Released: May 14, 2007
Poverty business: profiting from the working poor
Source: Brian Grow & Keith Epstein, BusinessWeek
Roxanne Tsosie decided in late 2005 to pull her life together. She was 28 years old and still lived in her mother’s two-room apartment in a poor neighborhood in southeast Albuquerque known as the War Zone. She survived mostly on food stamps and welfare. The Tsosies are Navajo, and Roxanne’s mother wanted to move back to a reservation in western New Mexico where the family has a dilapidated house lacking electricity and running water. Roxanne, unmarried and with four children of her own, could make out her future, and she didn’t like what she saw.
With only a high school diploma, her employment options were limited. She landed a job as a home-health-care aide for the elderly and infirm. It paid $15,000 a year and required that she have a car to make her rounds of Albuquerque and its rambling desert suburbs. A friend told her about a used-car place called J.D. Byrider Systems Inc.

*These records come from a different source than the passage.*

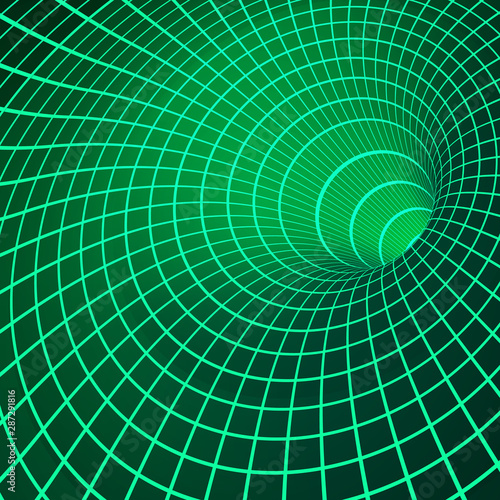 Digital visualisation Wormhole. Singularity and event horizon - warp space and time. Vector illustration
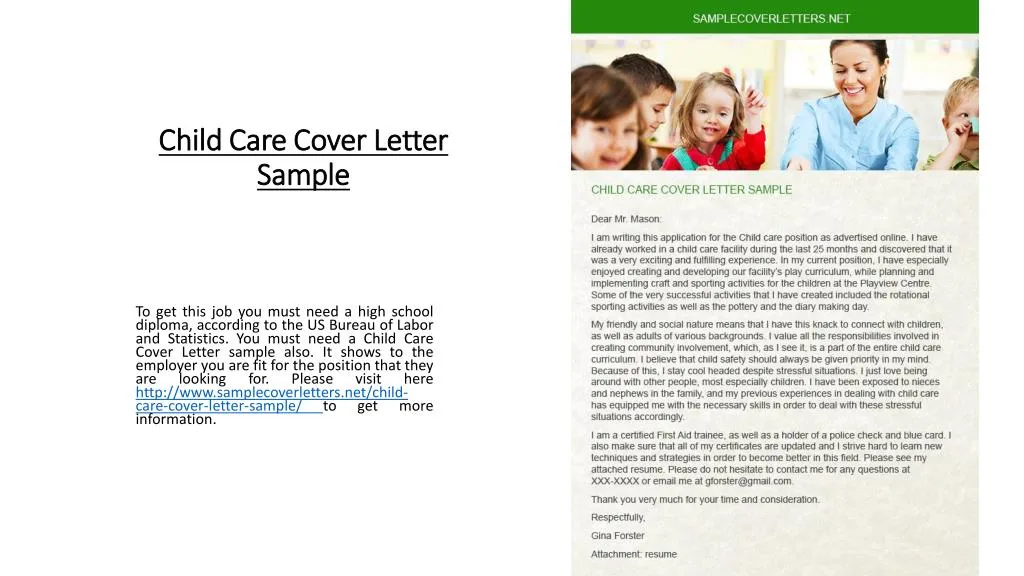 child care cover letter sample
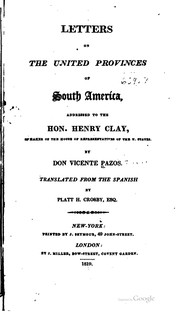 Cover of: Letters to the United Provinces of South America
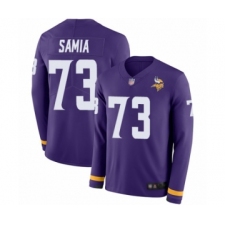 Men's Minnesota Vikings #73 Dru Samia Limited Purple Therma Long Sleeve Football Jersey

The bright orange car lot stands out amid a jumble of payday lenders, pawn shops, and rent-to-own electronics stores on Central Avenue in the War Zone. Signs in Spanish along the street promise “Financiamos a Todos"—Financing for All. On the same day she walked into Byrider, Tsosie drove off, jubilant, in a 1999 Saturn subcompact she bought entirely on credit. “I was starting to think I could actually get things I wanted,” she says.
In recent years, a range of businesses have made financing more readily available to even the riskiest of borrowers.